Let me begin with the contentious statement that Capitalism has failed. That isn't entirely true, of course, but it is true in the most important sense. To understand this failure, and what can be done to correct it, we must first understand Capitalism itself.

Understanding Capitalism

Capitalism is, most fundamentally, the mass accumulation of capital, by the exploitation of all available resources, to the maximum extent possible. It's important to understand that this is intrinsically parasitical, and is not and never was intended to be in any way symbiotic. It's a process of taking everything, forever, without ever giving back, at least not intentionally. This unavoidably creates an imbalance, indeed it's clearly understood that Capitalism only works if it creates inequality. There cannot be winners without losers, and the exact degree to which those winners succeed is directly proportional to the degree to which the losers fail, since everything the winners have comes directly at the expense of the losers.
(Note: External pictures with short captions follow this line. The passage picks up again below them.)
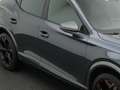 CUPRA Formentor VZ 2.0 TSI DSG *LED*AHK*ACC*R-KAM*19" Grau - thumbnail 28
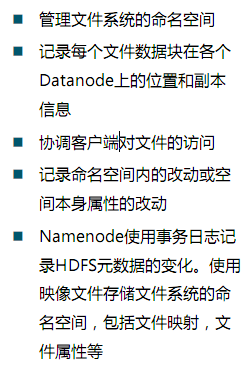 28193927-84471456e1ba441b95d2bbae2604b25f.png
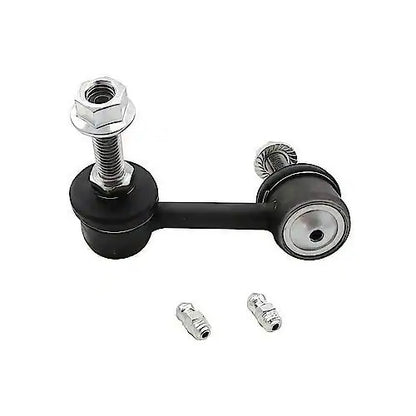 2002-2003 Chevrolet/GMC/Isuzu/Oldsmobile Front Left Suspension Stabilizer Bar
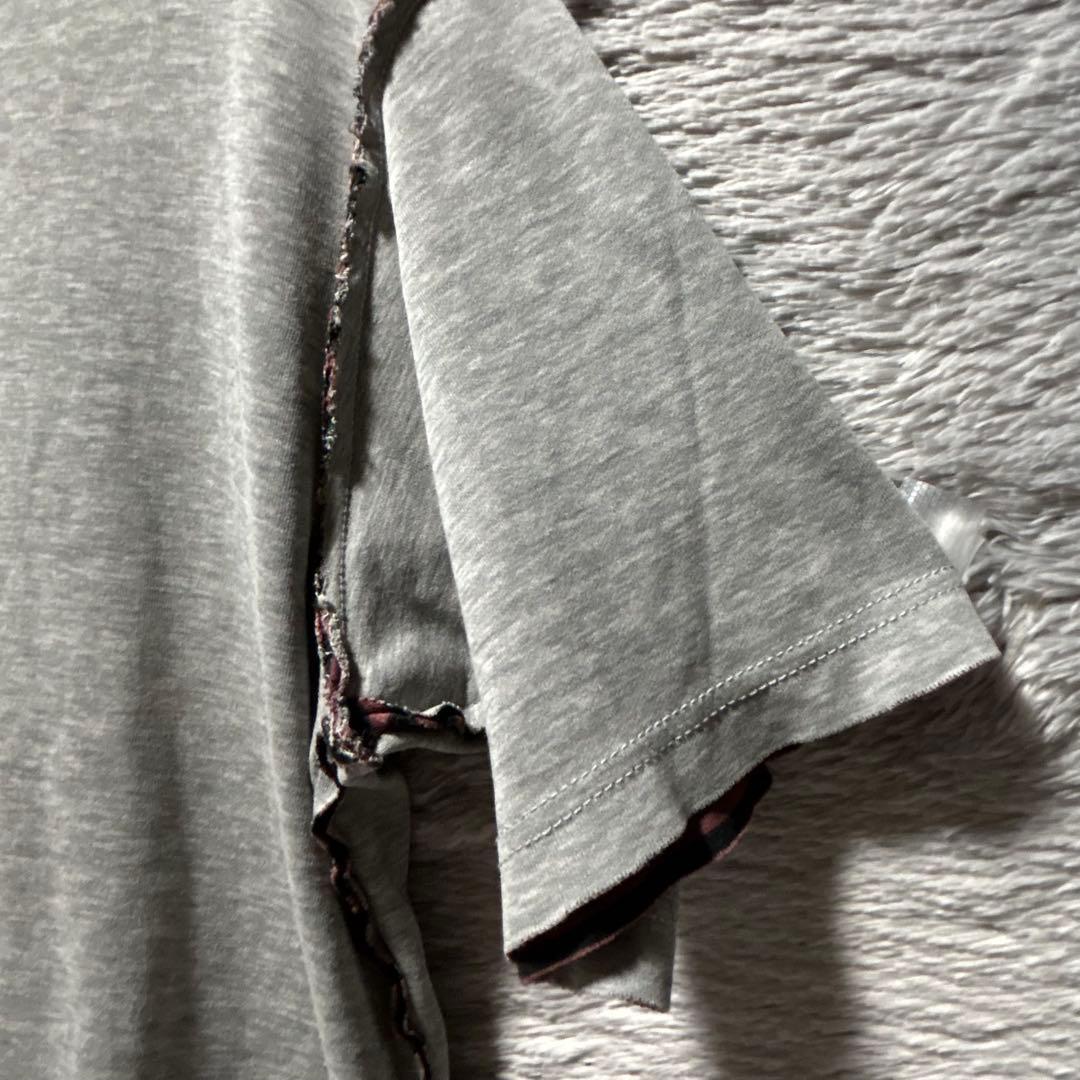 COMME des GARCONS HOMME コムデギャルソンオム　Tシャツ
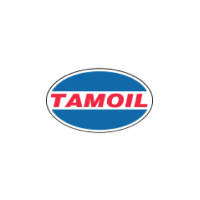 Tamolil's Logo
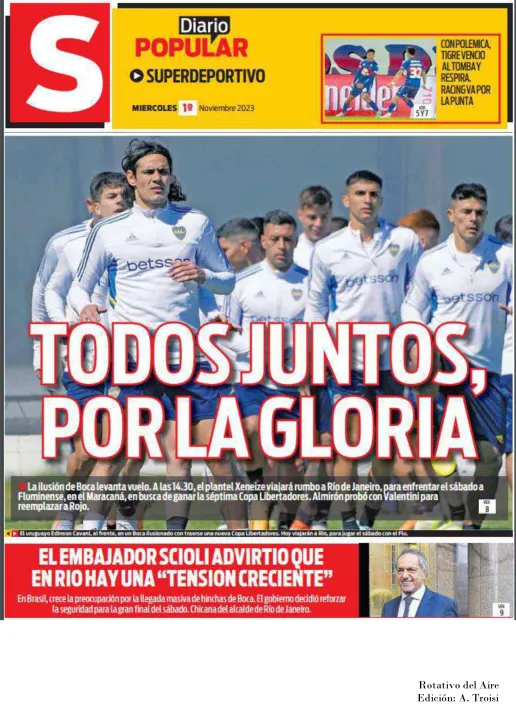 01 DE NOVIEMBRE DE 2023 - TAPAS ROTATIVO DEL AIRE-21.jpg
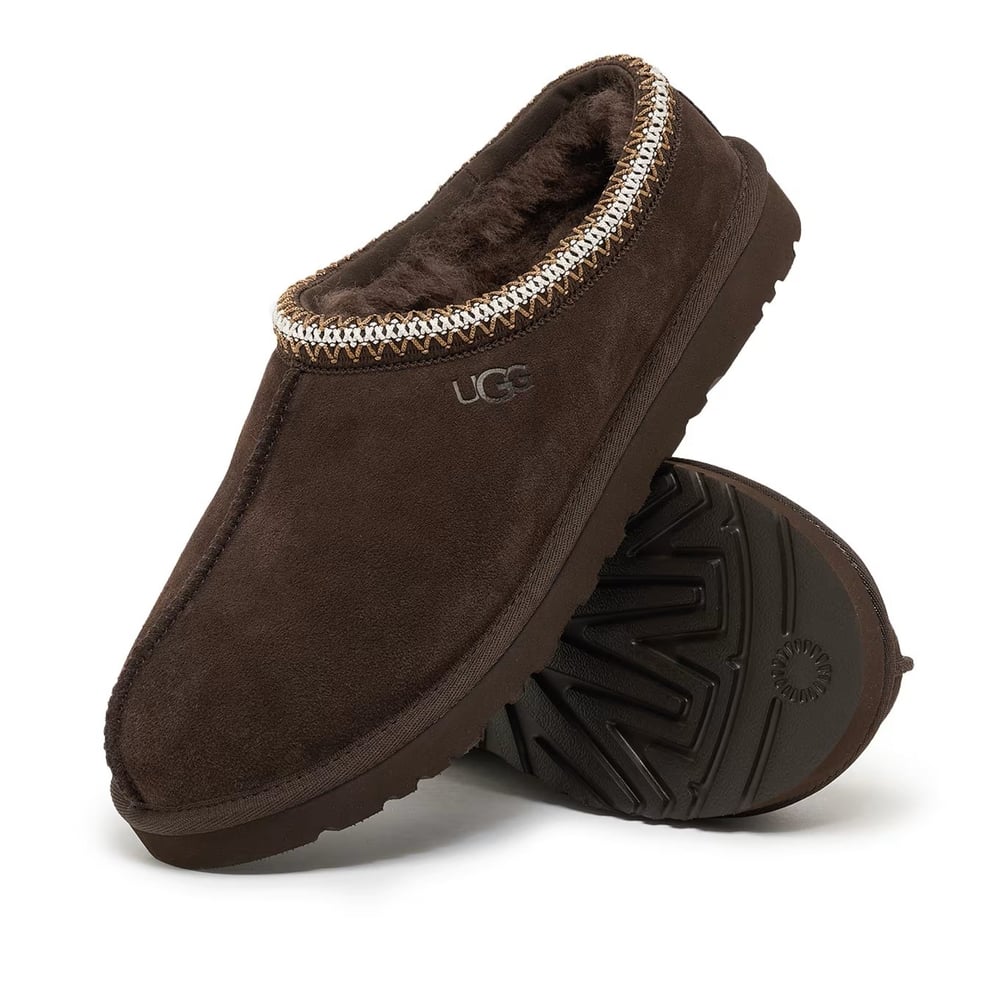 UGG TASMAN II ERKEK TERLİK 1174671-DDCC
In defence of this predatory system, capitalists argue that this zero-sum definition of Capitalism is false, as they claim that it actually creates new wealth previously absent from the system, but there is no evidence to support this. Claims of wealth creation invariably transpire to be little more than an abstract market fiction with no physical manifestation, and nothing that benefits anyone other than the creators of this fiction. All that's actually being created is a facade, with no real backing, that boosts market confidence, allowing the creator of this fiction to raise capital to further pursue his market ventures. The capital acquired by this deception was not itself created, but only transferred from one wealthy entity to another. In that sense, "wealth creation" is merely a euphemism for recycling existing wealth among the wealthy.

Capitalists further argue that this "wealth creation" (or in reality recycling) subsequently leads to "job creation", and that is where the real wealth creation supposedly lies, but again jobs are merely being transferred, not created. Overall, the same proportion of people are out of work or in low-paid jobs, it's just that they're different people doing the same low-paid jobs, or the same people doing different but equally low-paid jobs. Moreover, each time these jobs are recycled they're devalued even further by employers, as a deliberate strategy to maximise profits by driving wages down as close to zero as possible.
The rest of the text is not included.